- Written by: David Eldridge
- Characters: Laura Danny
- Original language: English
- Genre: Dark Comedy
- Setting: Crouch End

Premiere
- Place premiered: Dorfman Theatre

= Beginning (play) =

2017 play by David Eldridge

Beginning is a 2017 play by David Eldridge. The first of a trilogy of plays to look at love and relationships, it is followed by Middle.

A two-hander, the cast featured Justine Mitchell as Laura and Sam Troughton as Danny. Directed by Polly Findlay, the play opened in the Dorfman at the National Theatre in October 2017, where it ran until 14 November 2017, enjoying a sold-out run.

The production transferred to the Ambassadors Theatre in the West End on 23 January 2018, following previews from 15 January. It was scheduled to conclude its limited run on 24 March. Mitchell and Troughton reprised their roles as Laura and Danny respectively.

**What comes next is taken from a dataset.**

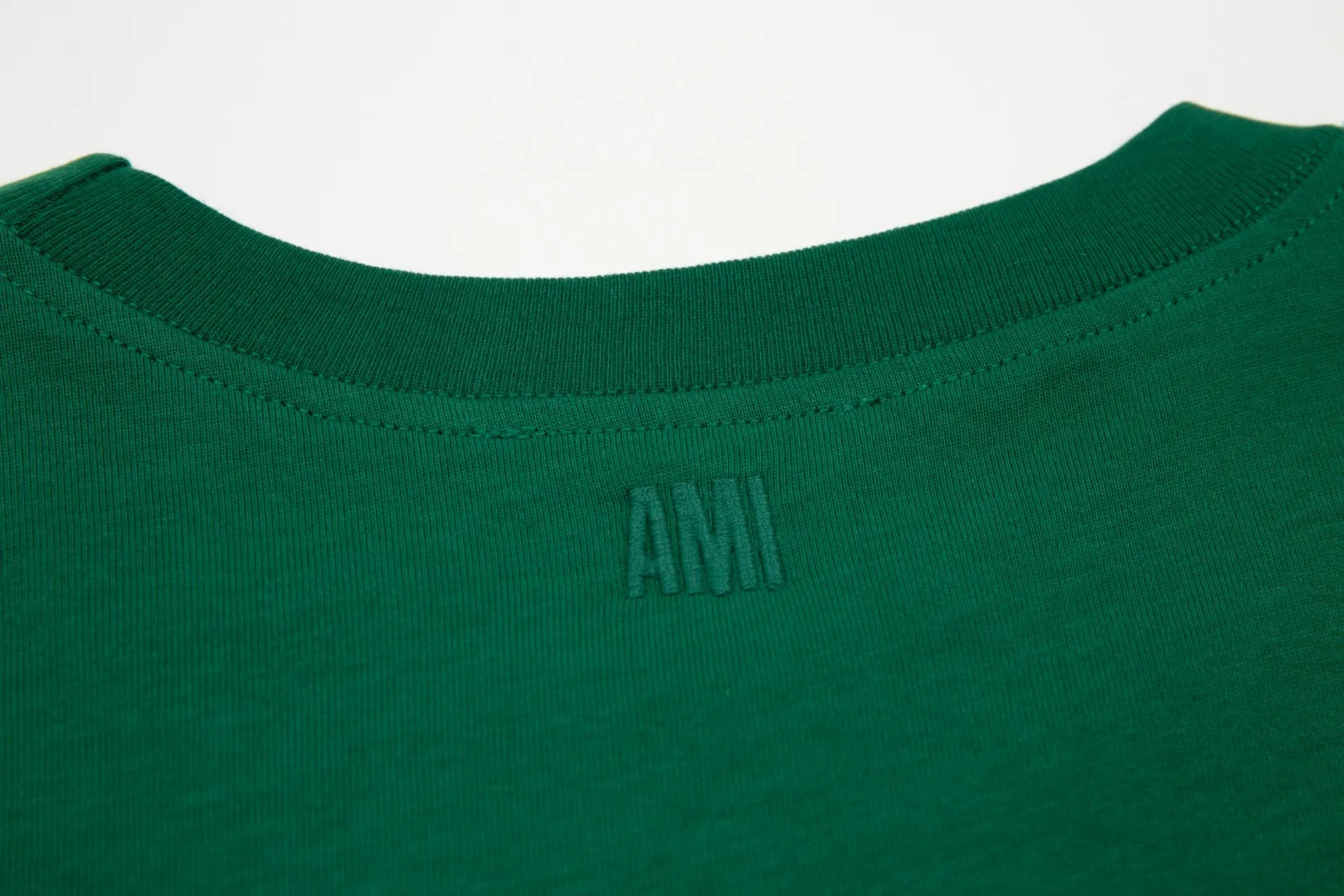 Ami Amy 2024ss autumn classic small embroidered love short sleeves ✅240G Xinjiang long-staple cotton top double yarn, shrinkage rate is controlled at 2%, export-grade solid color quality, truly not easy to deform, shrink, and fade. The maximum size can be worn up to 230 pounds. There is no pressure to export to Europe and the United States. Size S-XL Color: 7 colors, white, black, gray, blue, navy, dark green, coffee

The play received favourable reviews, gaining five stars from both Dominic Cavendish in The Daily Telegraph and Fiona Mountford in The Evening Standard, and four stars from Phil Willmott on the London Box Office news & reviews section.

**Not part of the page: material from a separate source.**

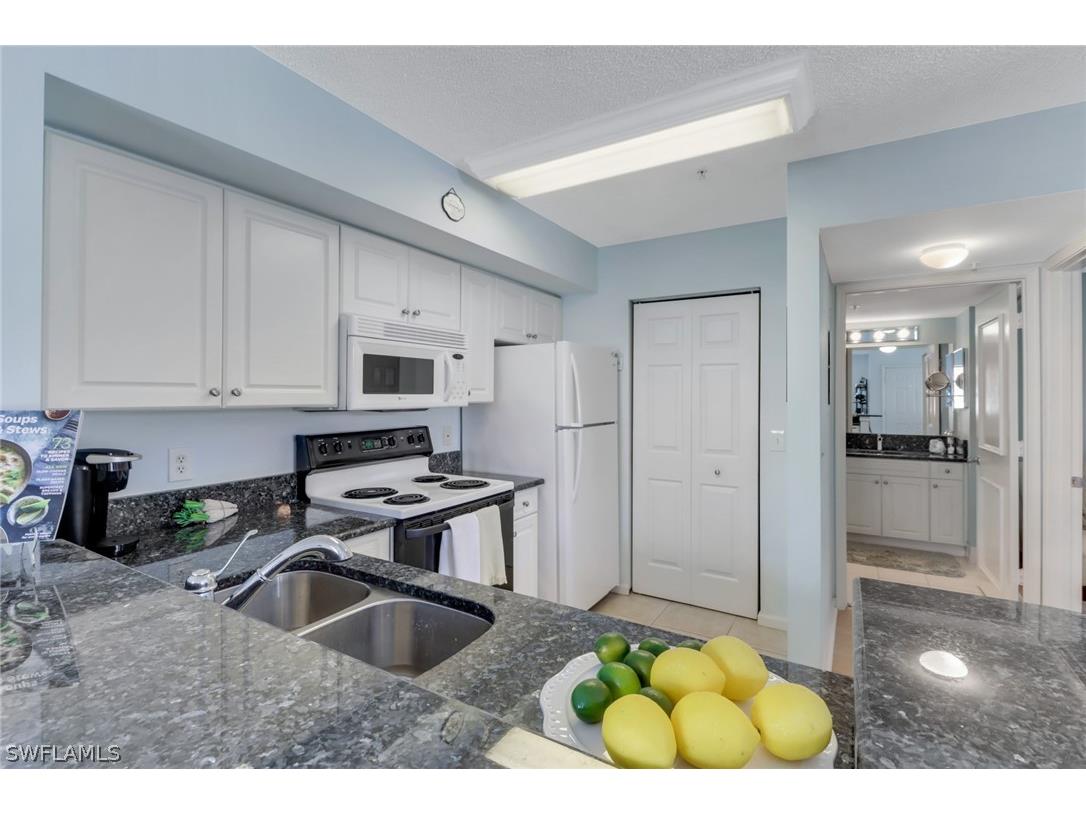 1205 Wildwood Lakes Boulevard #201 Naples FL 34104 226010865 image3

Subsequent productions have been put on at the Gate Theatre, Dublin and the Royal Exchange, Manchester

==Plot==
Set in the aftermath of Laura's housewarming party at her new flat in Crouch End, Danny, having attended simply as the plus one of a friend, is the last remaining guest. Laura is 38, single, childless and with no immediate family; Danny is 42, divorced, living with his mother and has not seen his daughter for a number of years.

The play begins with them nearly kissing and charts their journey in real time as they both seek to get back to that point. While Laura is clear from the outset that she fancies Danny and wants him to stay over, Danny is reluctant to share his true feelings. Over the course of the play, both begin to open up to one another, they dance to Bros, consume fish finger sandwiches and share their mutual loneliness and isolation in the city of London and where they are in their lives.